First, we can no longer believe everything we see on the internet that seems to be backed up by evidence.So a tweet that Ukraine has surrendered and ordered troops to withdraw may not be true, even if it has A clip showing the Ukrainian president saying this. Second, numbers on social media are inherently meaningless; an influencer with 2 million followers may not be an influencer at all (or even a real person), and a tweet with 1 million Views of the tweet. It’s very easy for an adversary with the right resources (not so extensive) to blanket bomb the internet with fake news and drown out real news from legitimate sources.
Ultimately, the burden of detecting and cleaning up the bot network is on the platform. Platforms like Facebook and Twitter serve conflicting interests—their own businesses and those of consumers. Removing bots keeps the web clean, but aggressive filtering also blocks real users and their engagement and clicks, which ultimately affects revenue.But platforms must focus on doing the right thing (and the legal thing; starting in 2021, the FTC has Start the fight against bot services Company is charged under the BOTS Act). Bots make it harder to get real user engagement and reduce consumer trust in the platform. Would you be willing to put in the effort to build your brand on your website if you knew that out of the million followers you gained, maybe none of them were even real people?

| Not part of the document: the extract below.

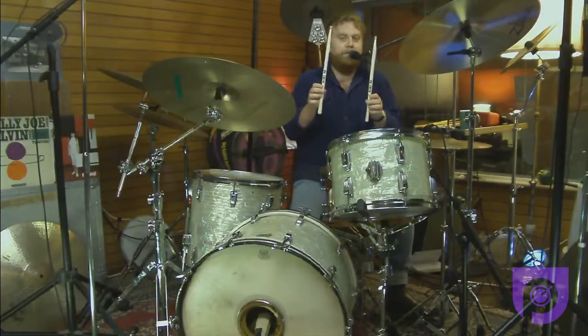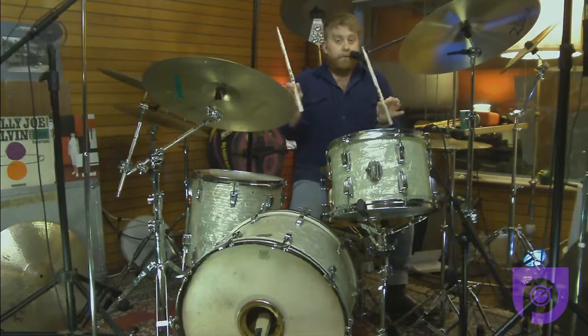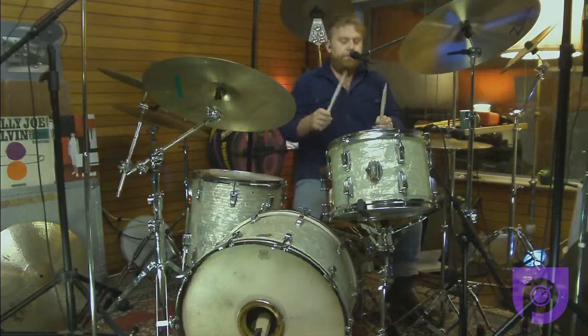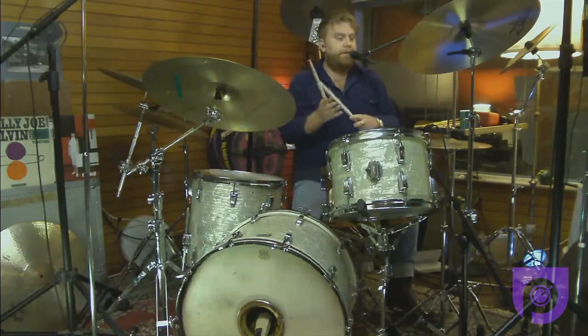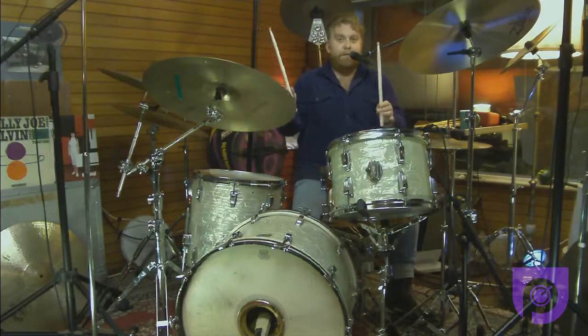In this video we're going to talk about how to hold your sticks — a very important thing to be able to do properly to achieve what you want on the drums. Holding your sticks is really important. You don't want to drop your sticks, and you want to achieve speed and finesse when you're playing.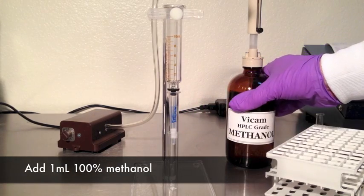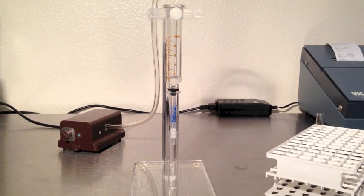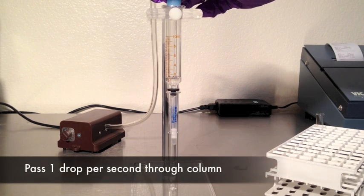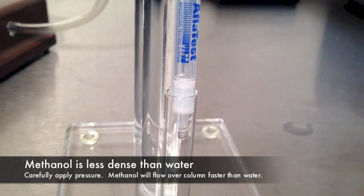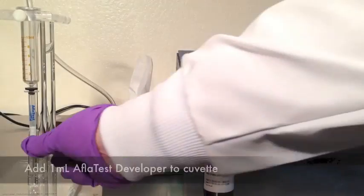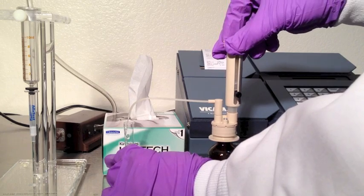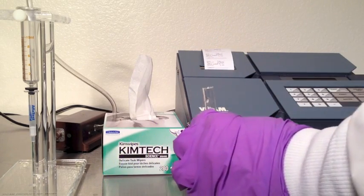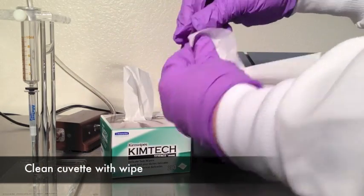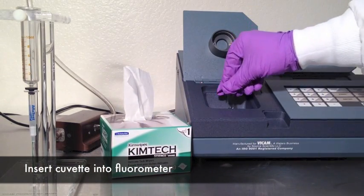Remove the waste collection cup. Place a glass cuvette under the column. Add 1 milliliter of 100% methanol to the syringe. Apply air pressure to the syringe and pass methanol very carefully at 1 drop per second — methanol is less dense than water, so use care as methanol will pass through the column faster than water. Remove the cuvette. Add 1 milliliter of AFLATEST developer and mix well. Clean the cuvette with a wipe, then insert into the fluorometer. In 60 seconds the display will show results and print a record of the test.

RELATED: How to avoid being scammed by fake-following influencers
what can you do?
As a non-technical person, what can you do to protect yourself from robots? Unfortunately, there is no good answer to this question. Be wary of what you read and believe on social media, and don’t promise (or share) an opinion until you have confirmed it from multiple independent sources (if a tweet shows a CDC report claiming to prove that vaccines cause autism, take a look at you whether the same report can be found on the CDC website).Challenging the belief that a video of an event is evidence that it actually happened, or that a post with a million likes does mean a million people Actually like it. When you see a retweet, retweet or quote, please go directly to the official source’s Twitter account and verify it.
Musk is right to be concerned about the number of bot accounts. He may not be the most polite person in the world, he may be doing it for the wrong reasons, but he is fighting for you, me, and society as a whole.